When it comes to judging meatball quality, Ramsay deems consistency a critical feature. "For me, a good meatball is all about the softness, the texture, that rich beef and the way it sort of melts in your mouth," he says in an instructional video on YouTube, adding, "You can color it on the outside, but you want it nice and soft, and sort of rich in the center." As he showcases in his recipe, Ramsay prepares his (mostly standard) ingredients using some easily replicated modifications intended to keep the meatballs especially moist.

Gordon Ramsay's secret to making soft meatballs

Now, following in the footsteps of culinary great Gordon Ramsay, you're obviously going to gather all of your meatball ingredients ahead of time, adopting the practice of mise en place, one of Julia Child's cooking tips. For the most part, the components are what you might expect: a mix of beef and pork, seasonings, finely chopped onions, and thinly sliced garlic. But, in a mild divergence from the eggs many use to bind their meatballs, this preparation eschews that standard meatball ingredient in lieu of another familiar one, just applied a little differently. 
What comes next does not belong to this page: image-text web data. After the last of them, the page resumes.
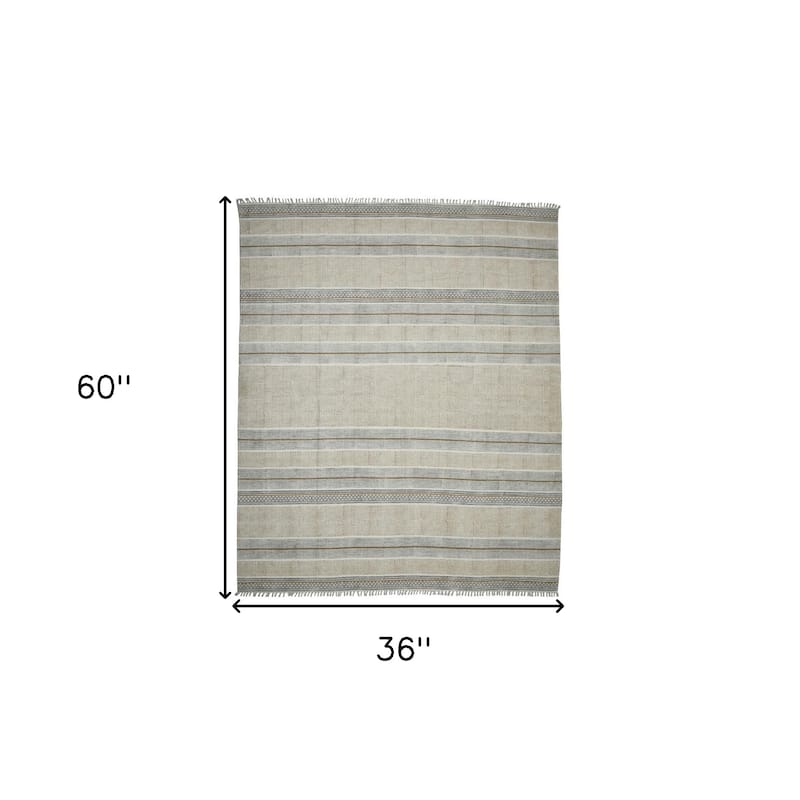 Qaji Distressed Geometric Area Rug By HomeRoots - 3' x 5'
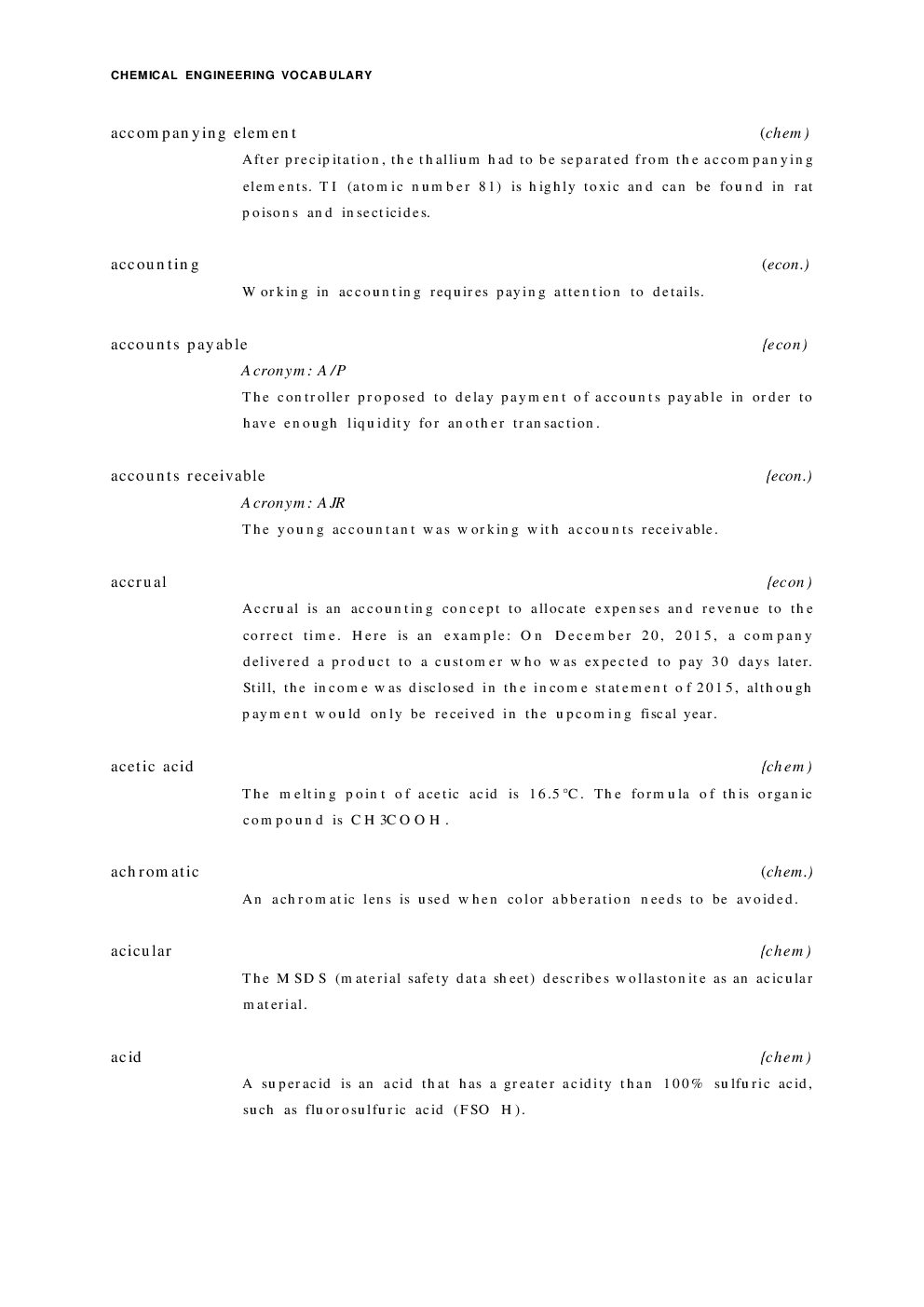 Chemical Engineering Vocabulary  - Page 5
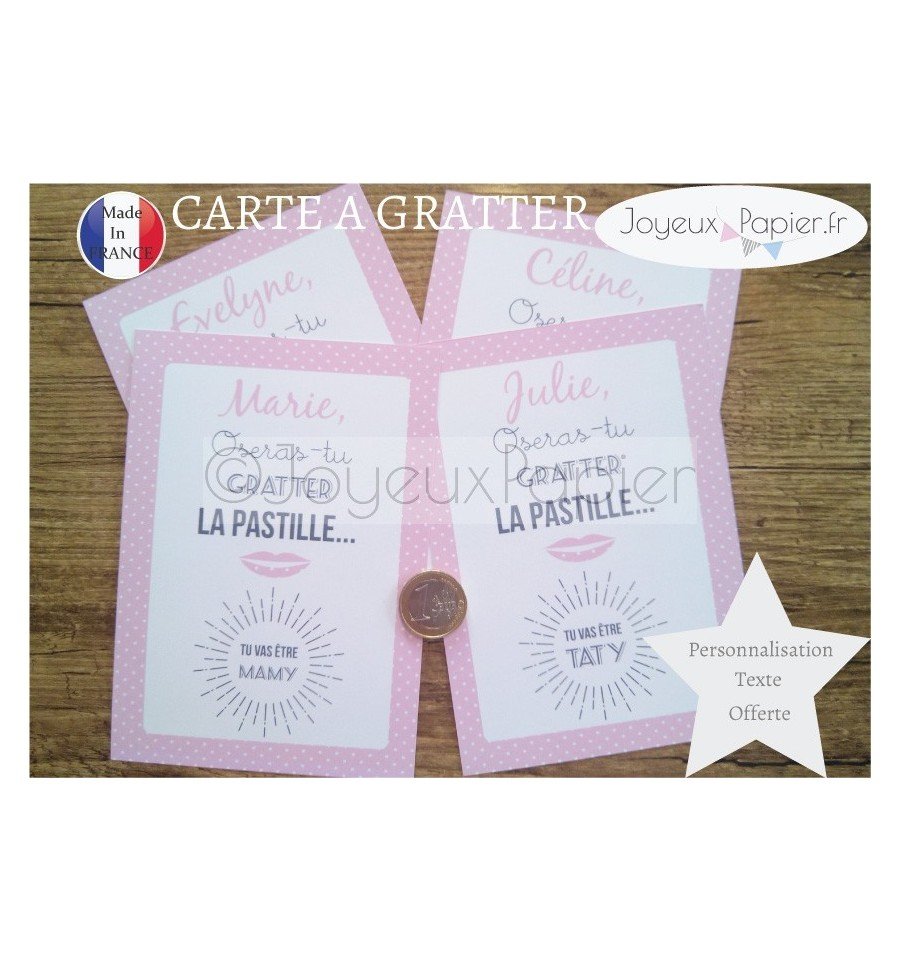 Carte à gratter annonce grossesse bouche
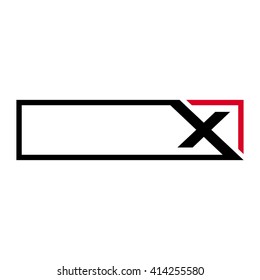 letter x and square. template of logo vector.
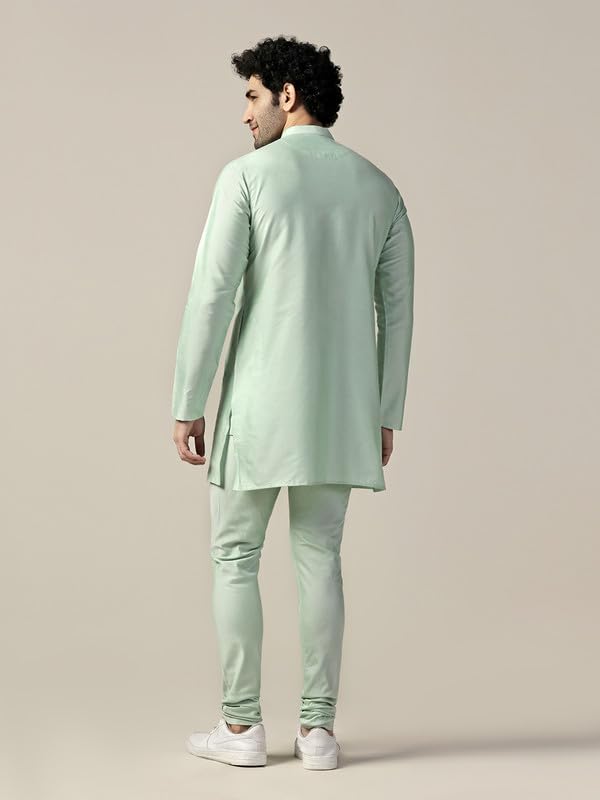 Kurta Churidar homme vert aigue-marine ensemble tunique indienne coton - 4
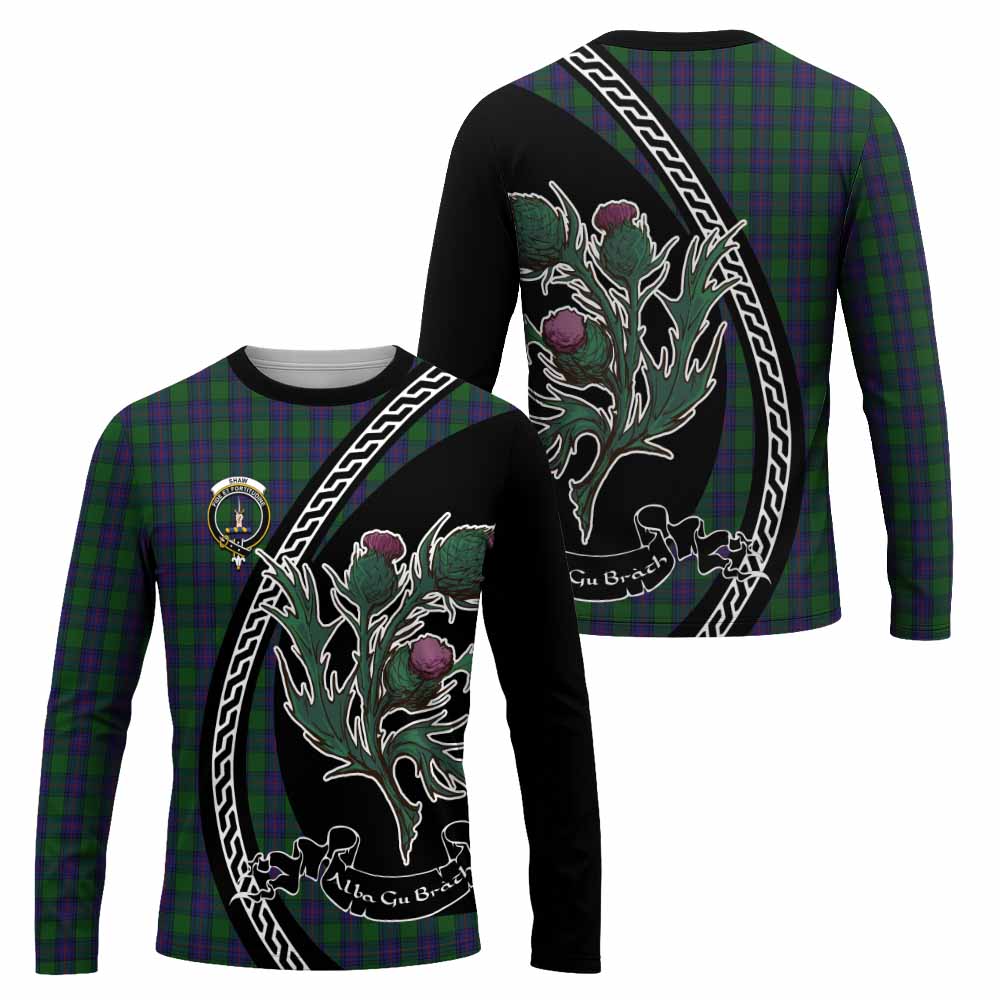 Shaw Family Crest Tartan Long Sleeve T-Shirt Alba Thistle Inspired - Tartan Vibes Clothing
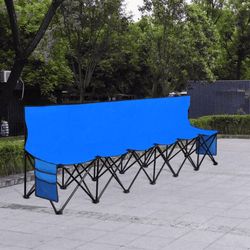 6 Seats Portable Folding Bench For Sports Camping, Blue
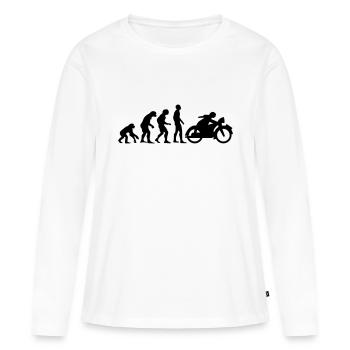 moteur évolutif 1 - T-shirt manches longues Premium bio Femme - blanc - Devant - Julia (174cm)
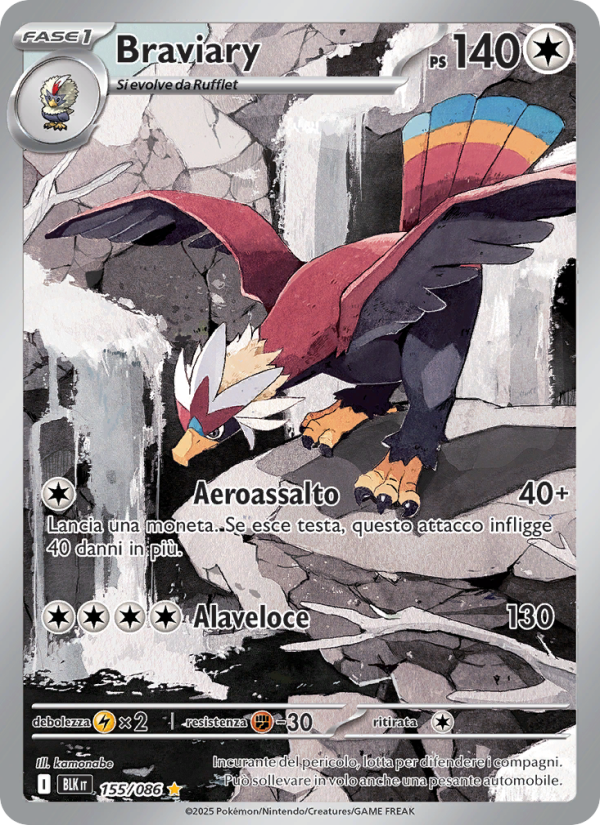 Braviary 155/172 — Black Bolt (Italian Pokémon TCG card)
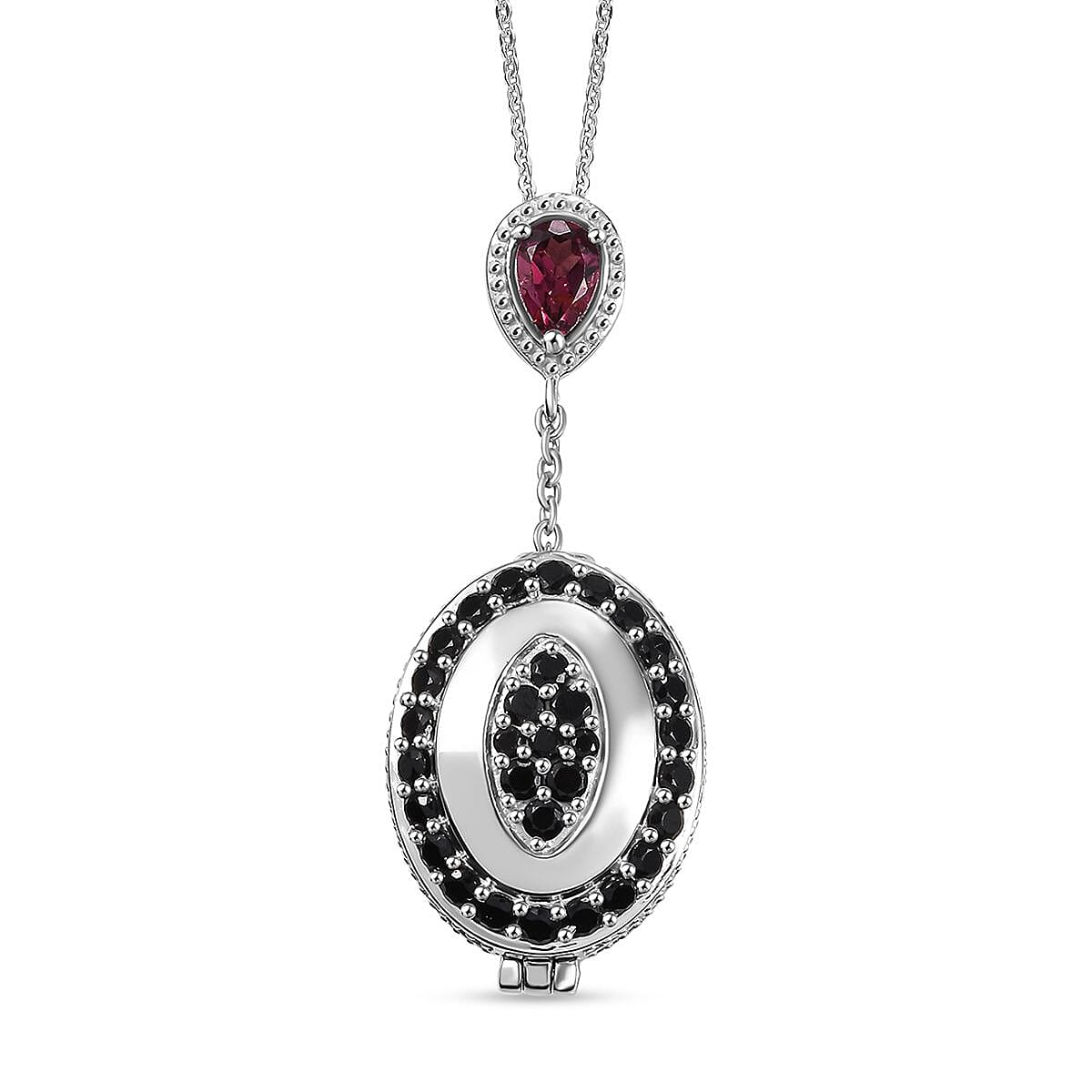 GP Art Deco Collection - Rhodolite Garnet, Black Spinel & Blue Sapphire Enclosed Pendant inside Openable with Chain (Size - 20) in Rhodium Overlay Sterling Silver 4.47 Ct, Silver Wt. 8.00 Gms.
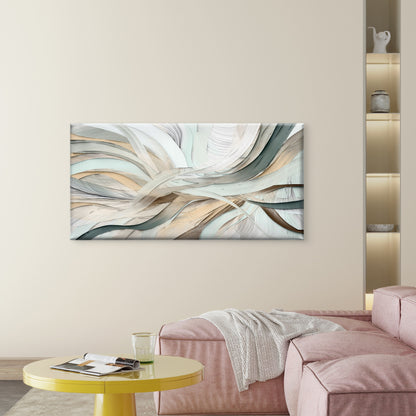 Abstract Beige 3D Texture Wave Wall Art Canvas Office Home Room Framed 120x60cm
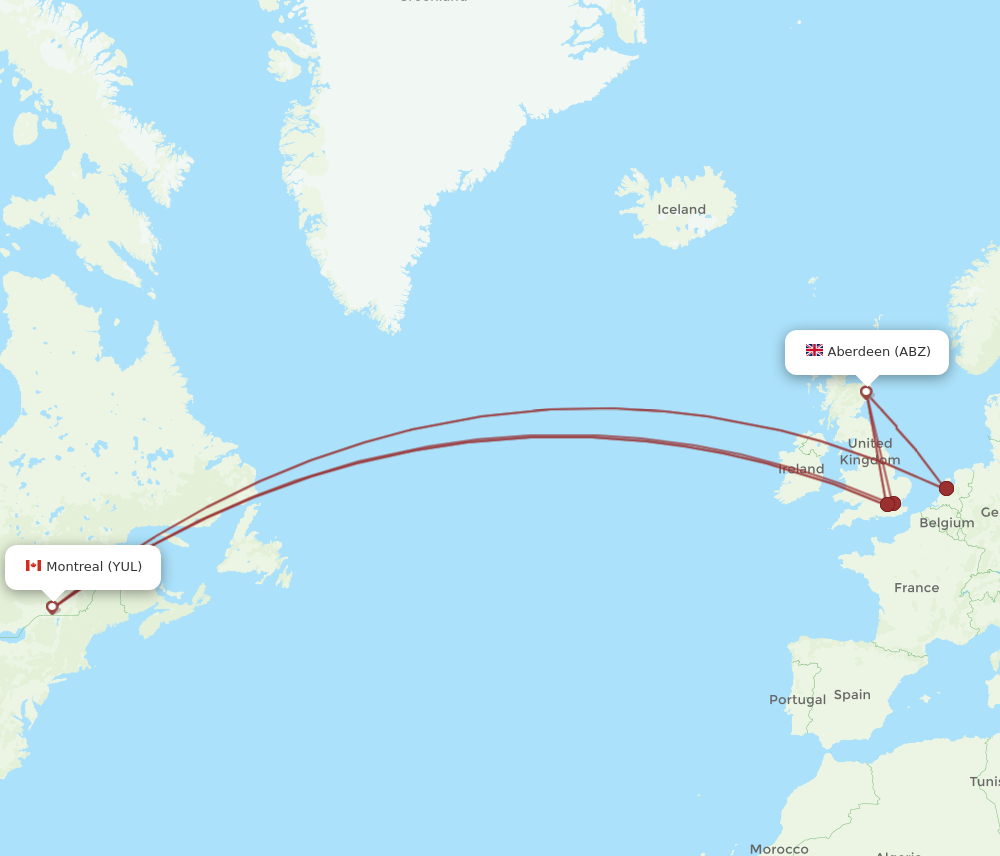 ABZ to YUL flights and routes map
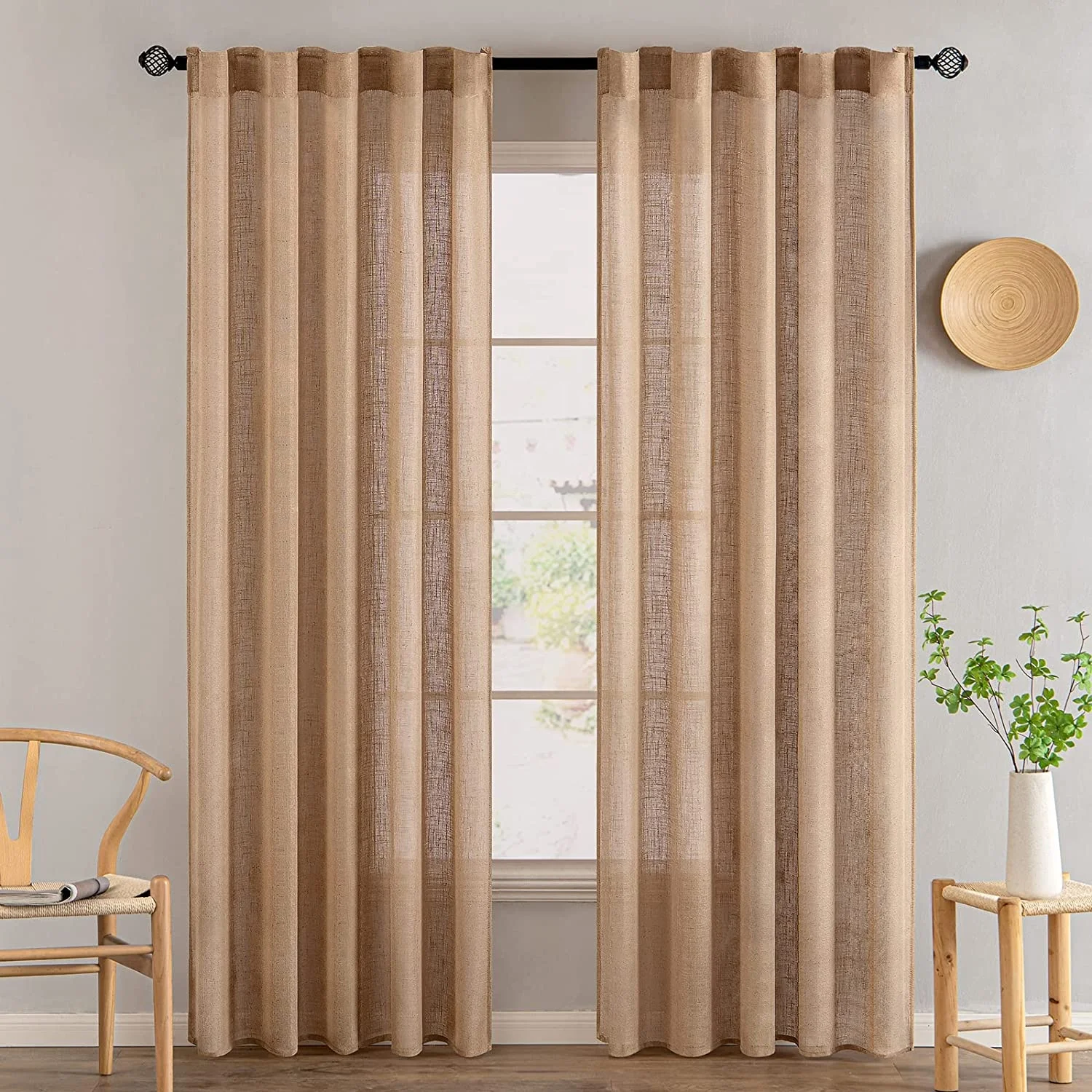 Natural Jute Curtain Burlap Drapes Panel 2 Pieces Set Backdrop for Living Room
According to Ramsay's method, a mixture of bread crumbs and milk not only stands in as that typical food glue, it also aids with achieving softness in the finished meatballs. Bread crumbs alone, of course, are naturally dry and rough. They obviously break down throughout the whole cooking process, but combining them with milk begins to dissolve them, expediting that textural change and keeping everything supple from the start. From there, form those babies into golf ball-sized spheres (anything smaller will be liable to dry out; anything larger won't cook evenly), give them about 15 minutes on the stovetop, and you should end up with soft meatballs that would (hopefully) meet with Ramsay's rare approval.